Dr. of Wiccan Studies Program
Rev. Laury Burris

 
What I learned:
First let me thank the ULC for offering this class to further my education. I thank you for all the work you do. Next let me thank Lord Starwalker for putting together these lessons and presenting them to us, allowing us to grow. I thank you.

I have been writing rituals for some time now; they can be a hefty task by itself. To take into consideration what the ritual is for, what the person is requesting and all the correspondences that go into putting a ritual together. Now after finally mastering all of this along comes these lessons and a ritual for a Hand fasting or a Childs Blessing. It was not the writing of the ritual that sat me down to thinking, it was the idea of doing a Hand fasting or a child’s blessing. This was a part of my faith that I had not really thought of yet. Along with this is the idea of using the whole house or backyard as a sacred space. These two things together seemed to sit me down and wonder. First I live in a small town on the down east coast of Maine; there are not many Wiccans here, though we seem to be growing in numbers. But this was the reason I became ordained, was it not? To help the people in my community who followed the same path as I did, so why had I not thought of this before? Now don’t get me wrong it’s not the thought of doing a hand fasting or a child’s blessing, to me there would be no greater joy than to bless a new baby or join a couple together in the eyes of the Goddess. If anything the idea of this intrigued me, why? I know that if asked to do one there would be of course people attending not of the Wiccan faith; this is what made me come to a full stop. So now I wondered at myself could I undertake such a task? Could I present a Wiccan ritual to others and yet make them feel comfortable? 

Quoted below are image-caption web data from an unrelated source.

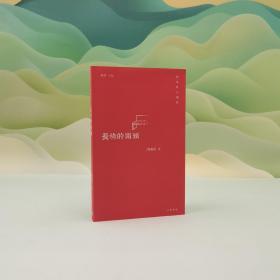 绝版书· 香港中华书局版 胡燕青《長椅的兩頭》
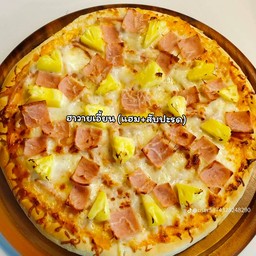 ร้านพิซซ่า&ชากาแฟ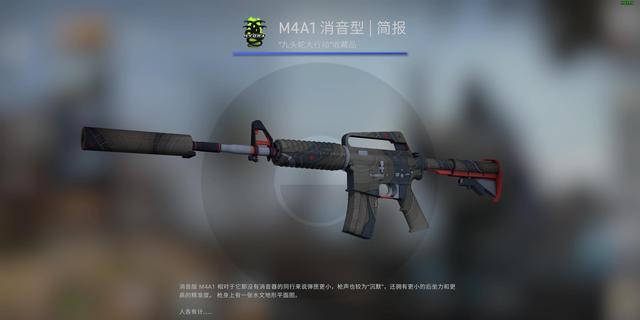 CSGOƤƼM4A1 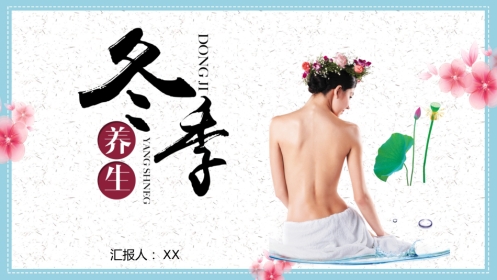 中医养生：冬季养生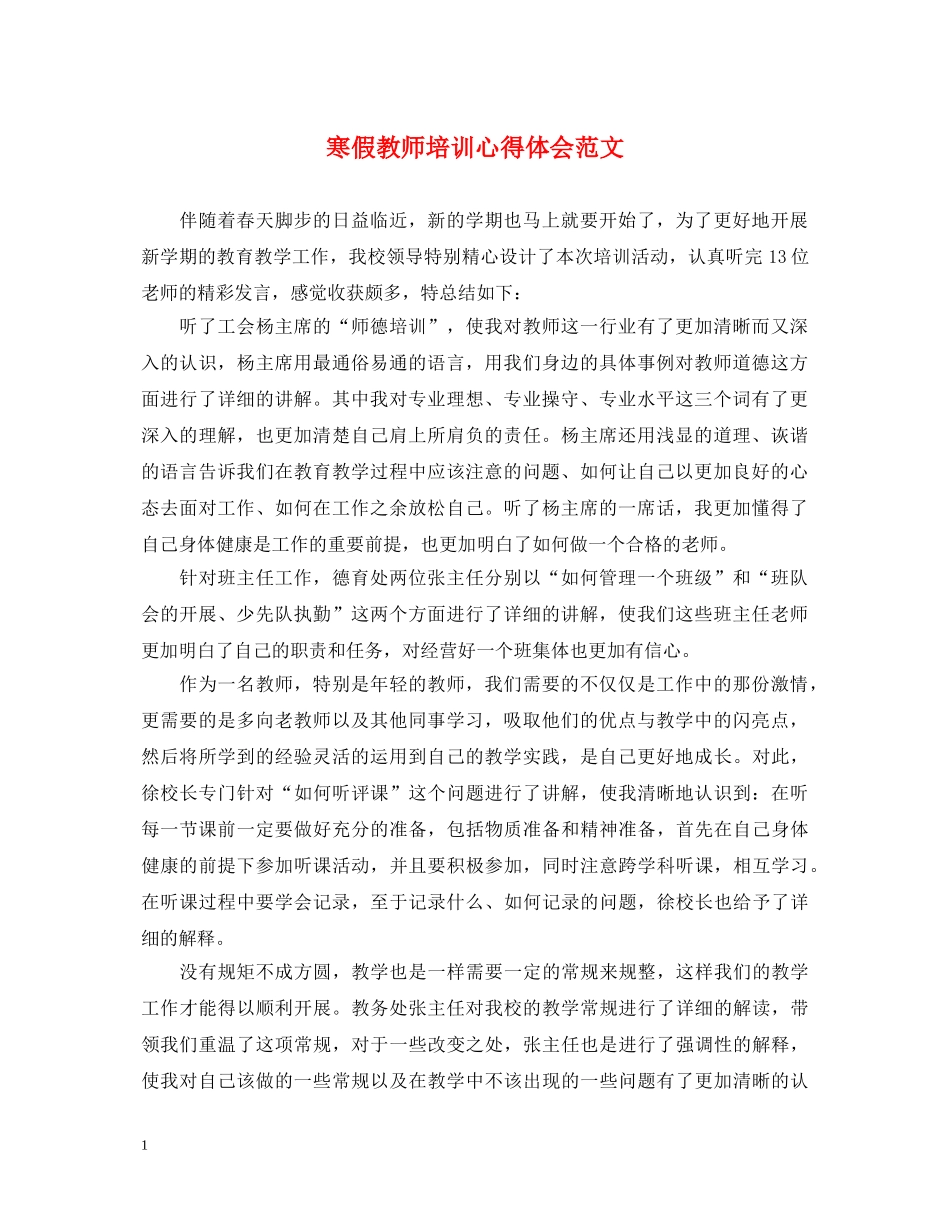 寒假教师培训心得体会范文 (000001)_第1页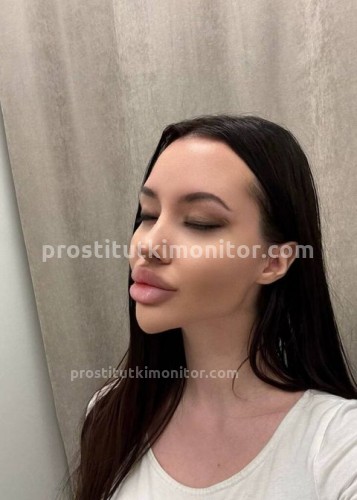 Лисса, Г. Надым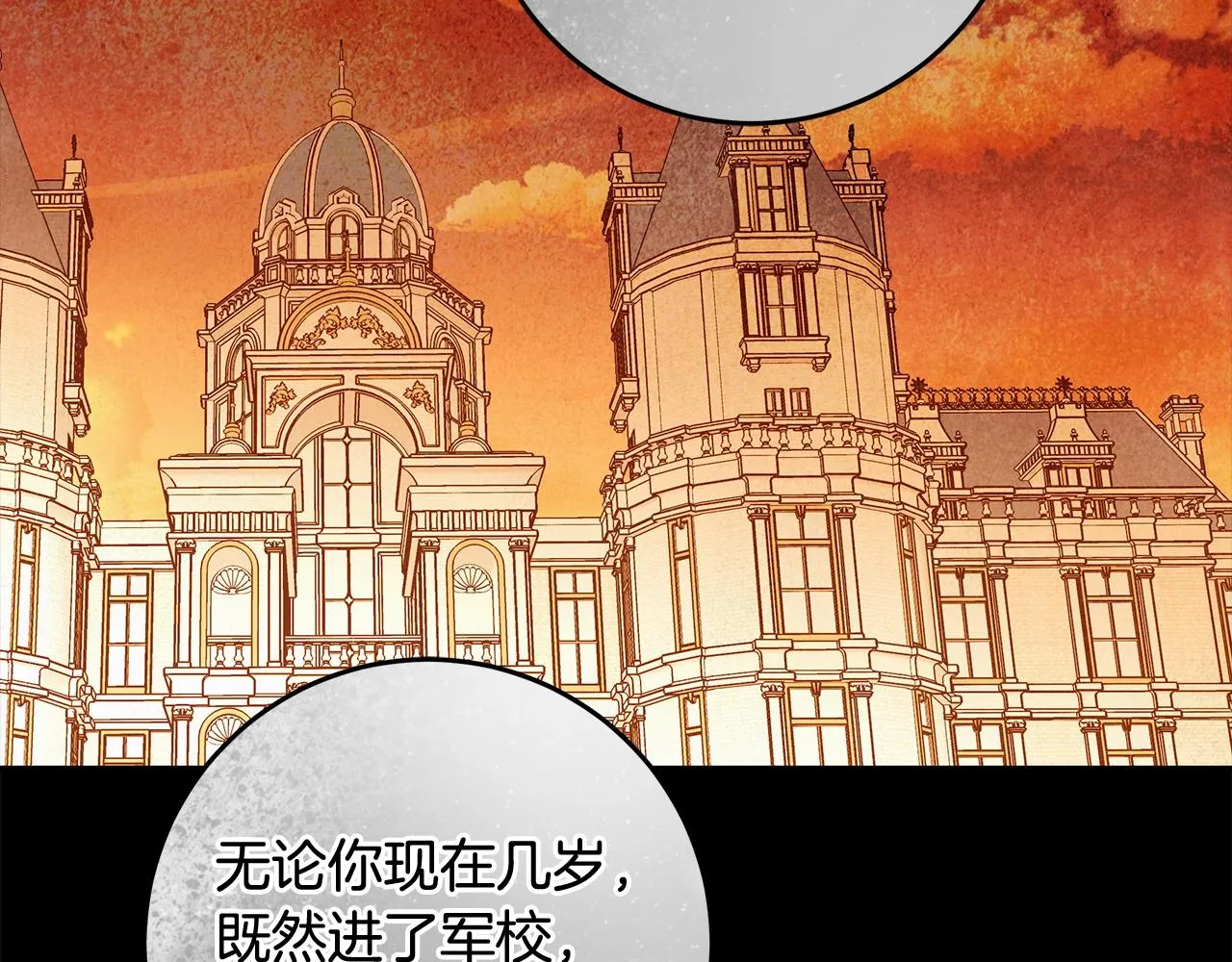 第29话 处分 第76页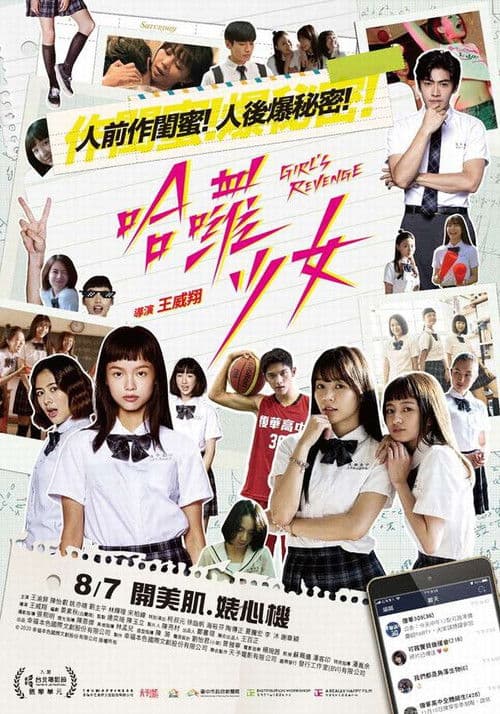 Affiche de 哈囉少女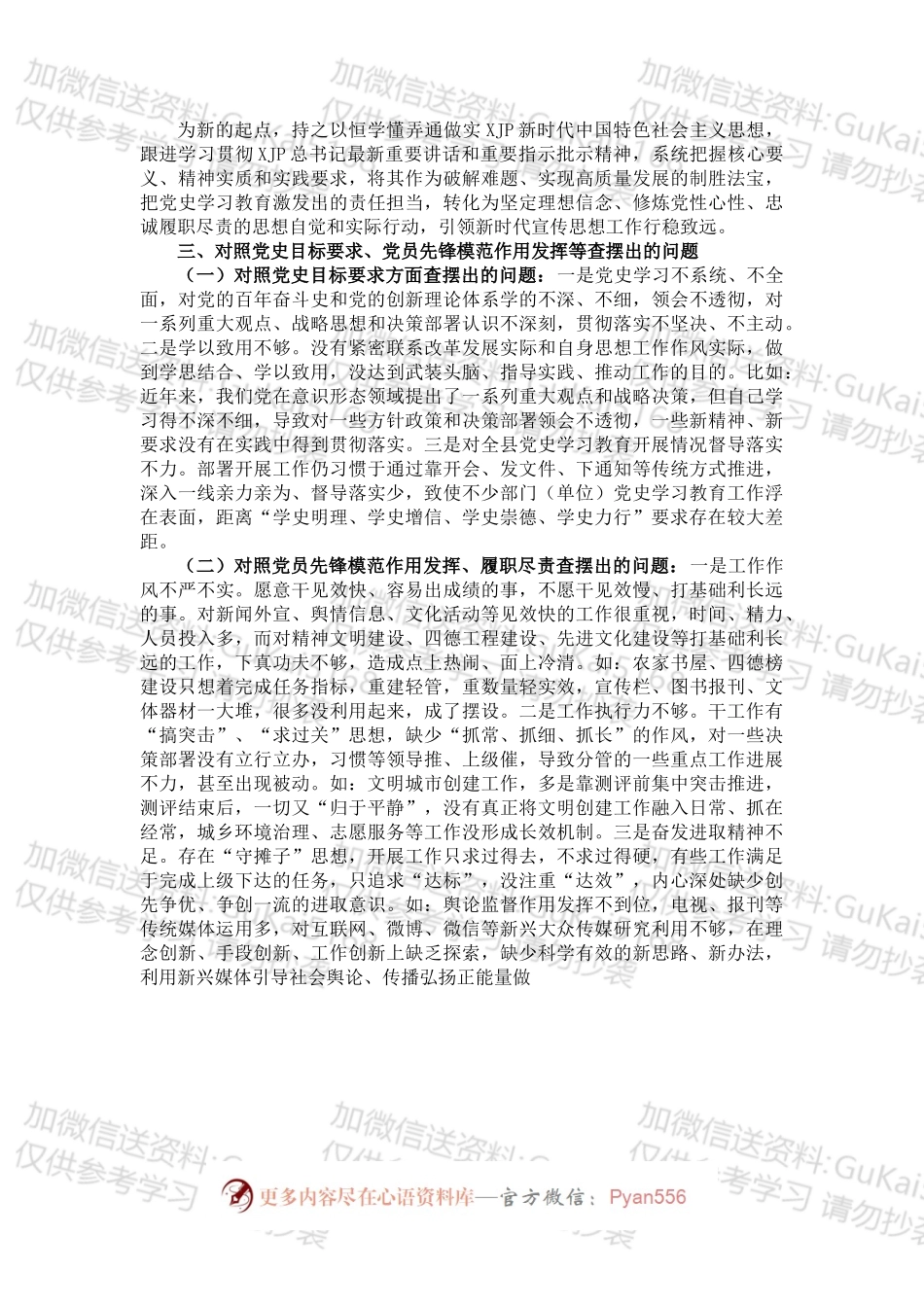宣传部长党史学习教育专题组织生活会个人检视剖析材料.docx_第2页
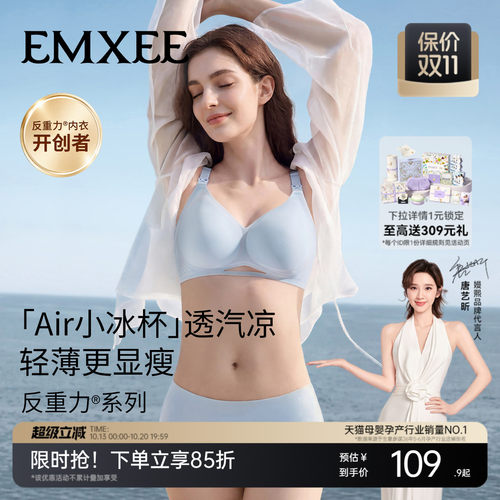 嫚熙哺乳内衣春夏轻薄款凉感文胸
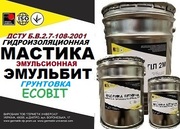 Грунтовка Эмульбит Ecobit ДСТУ Б.В.2.7-108-2000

So I suppose I was asking myself was I ready? Me? I wondered could I? With much thought given to this I came to a cross road, was I more scared of me being ready or was I more scared of what other people would think? Well I know both in my mind and in my heart that I am ready, so it left me wondering about the other. Then I came to another conclusion. If the parents of a child or a couple who wanted to wed had enough faith in me to come to me and ask me to perform this for them, then I had enough faith in myself to present a Wiccan ritual the best I could to all who attended. This then brought me to the final conclusion that being ordained in which ever faith you believe in meant not only taking care of the everyday needs of the people of your community, but also the major events of people’s lives. We as ordained ministers are responsible for the people of our community from their beginning to the end. So now one could say that have I not only learned that writing these rituals are important, but performing them is also an important part of our community. 

Thank you for helping me to see the full encompass of my position and thank you for teaching me to have more faith in myself. I am now a stronger person for this. May I now go forth into my community with a better understanding of me and now being able to better serve the people of my community?